For other, unsupported distros (or even the distro's above if you don't want VMware's patches for some reason) you can also continue to use the patched drivers available on my site or follow the generic instructions to manually apply the source patch to the driver included with your distros kernel source package. I have success reports from many Debian and Ubuntu users as well as several other distros.
Later,
Tom
Hi All,
For what it's worth, we ran into this issue also. However, in our case this symptom (ext3fs remounts read-only) occured even after applying the mptscsi hotfix to a 2.6.9-42.0.8 kernel (the one with another ext3 + san based storage and ext3fs fix). We also found another thread which talks about increasing vm.min_free_kbytes to 10240 (see links below). Even after making sure all these three things were set and done, we encountered the issue!
However we did finally pinpoint another reason for this occurence. There is a recent update for ESX 3.0.2 (3.0.2 Update 1) and three updates for this release, detailed in ESX-1002424, ESX-1002425 and ESX-1002429. This update fixes a networking latency issue on various hardware that leads to high network latency (high ping response times) and extremely slow san/iscsi/nfs/smb speeds.

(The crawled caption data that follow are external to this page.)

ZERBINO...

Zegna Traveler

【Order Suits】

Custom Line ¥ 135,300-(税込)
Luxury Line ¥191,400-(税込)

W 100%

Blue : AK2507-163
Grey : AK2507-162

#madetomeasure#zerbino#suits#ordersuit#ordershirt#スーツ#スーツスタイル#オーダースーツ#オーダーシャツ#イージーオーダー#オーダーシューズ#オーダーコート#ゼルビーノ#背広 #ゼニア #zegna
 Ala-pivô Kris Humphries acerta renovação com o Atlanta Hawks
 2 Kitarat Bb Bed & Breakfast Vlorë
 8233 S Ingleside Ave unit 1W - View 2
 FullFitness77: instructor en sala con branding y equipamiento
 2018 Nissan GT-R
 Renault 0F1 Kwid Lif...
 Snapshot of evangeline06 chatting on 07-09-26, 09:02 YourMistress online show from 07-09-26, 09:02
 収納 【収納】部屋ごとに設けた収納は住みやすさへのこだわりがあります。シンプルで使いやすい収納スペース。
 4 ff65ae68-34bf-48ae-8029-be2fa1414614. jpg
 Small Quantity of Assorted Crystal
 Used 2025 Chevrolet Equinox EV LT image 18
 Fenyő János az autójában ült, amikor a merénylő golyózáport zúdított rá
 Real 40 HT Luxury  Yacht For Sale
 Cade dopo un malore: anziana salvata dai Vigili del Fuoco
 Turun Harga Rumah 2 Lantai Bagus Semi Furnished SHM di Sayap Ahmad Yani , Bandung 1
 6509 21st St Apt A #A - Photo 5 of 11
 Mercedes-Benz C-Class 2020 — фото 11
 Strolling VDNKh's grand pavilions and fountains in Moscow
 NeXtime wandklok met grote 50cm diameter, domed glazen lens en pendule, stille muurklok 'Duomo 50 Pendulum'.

To summarize, what we had to do to finally alleviate the issue is this:
1: Set vm.min_free_kbytes = 10240 in /etc/sysctl.conf on guests:
http://www.noah.org/wiki/index.php/VMware_notes
http://communities.vmware.com/message/249823
2: Update to at least kernel 2.6.9-42.0.8 which fixes an issue with ext3fs on san/iscsi/nfs turning read-only by interpreting certain scsi layer messages as severe:
http://kbase.redhat.com/faq/FAQ_85_9610.shtm
https://bugzilla.redhat.com/show_bug.cgi?id=213921
3: Apply the fix mentioned on this page relating to the mptscsi driver and an upstream patch relating to failover/multipath functionality:
http://www.tuxyturvy.com/blog/index.php?/archives/31-VMware-ESX-and-ext3-journal-aborts.html
http://kb.vmware.com/selfservice/microsites/search.do?cmd=displayKC&externalId=51306
ESX 3.0.1 - Linux Guests go ReadOnly
4: Update ESX 3.0.2 to 3.0.2 Update 1 + three additional fixes: ESX-1002424, ESX-1002425 and ESX-1002429, fixing high networking latency and other issues:
http://www.vmware.com/download/vi/
http://www.vmware.com/download/vi/vi3_patches_302.html
We have pretty thoroughly stress-tested the above configuration with a very high load on io and cpu for about three days now and have survived stuff that would previously lead to remounting read-only pretty quickly (used to be less than an hour in most cases).
Regards,
Rubin.
Has anybody else had this problem with the addition of corrupted file systems? Almost all our rhel4u3 vms encountered this at some point this autumn and became unusable afterwards.
I only see people in this thread talking about the file systems being mounted as read only, do your vms also receive kernel panics at reboot after this happened?